■ **Study material**:

- - - - -

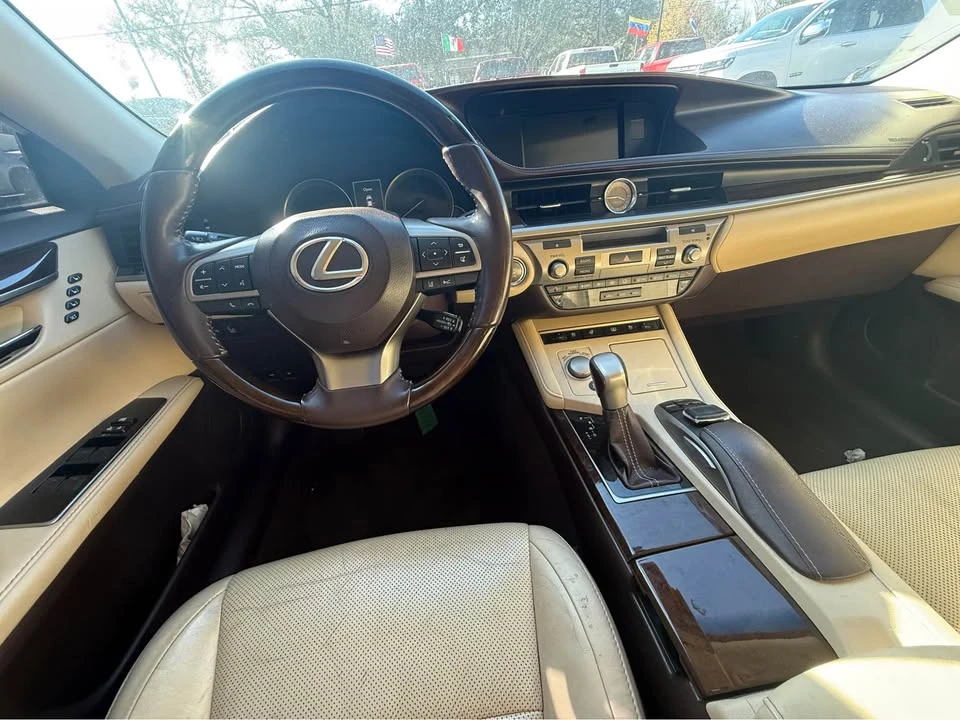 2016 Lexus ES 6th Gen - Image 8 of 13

- - - - -

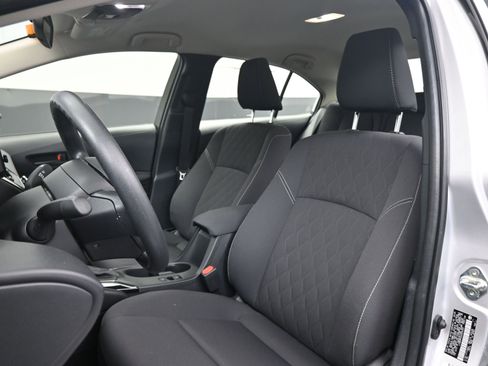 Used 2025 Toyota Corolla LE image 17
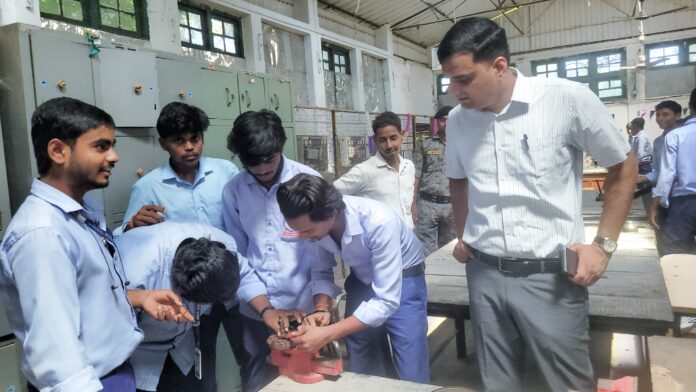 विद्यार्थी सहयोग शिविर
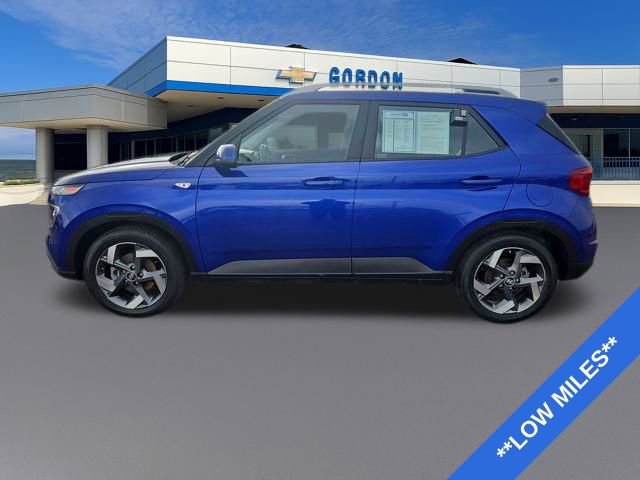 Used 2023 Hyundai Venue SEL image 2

- - - - -

■ **Exercise aim**: No picture is to be printed. Output exactly the lines above from the line containing "विद्यार्थी सहयोग शिविर" through the line containing "Used 2023 Hyundai Venue SEL image 2".

■ **Answer to this exercise**:
 विद्यार्थी सहयोग शिविर
 Used 2023 Hyundai Venue SEL image 2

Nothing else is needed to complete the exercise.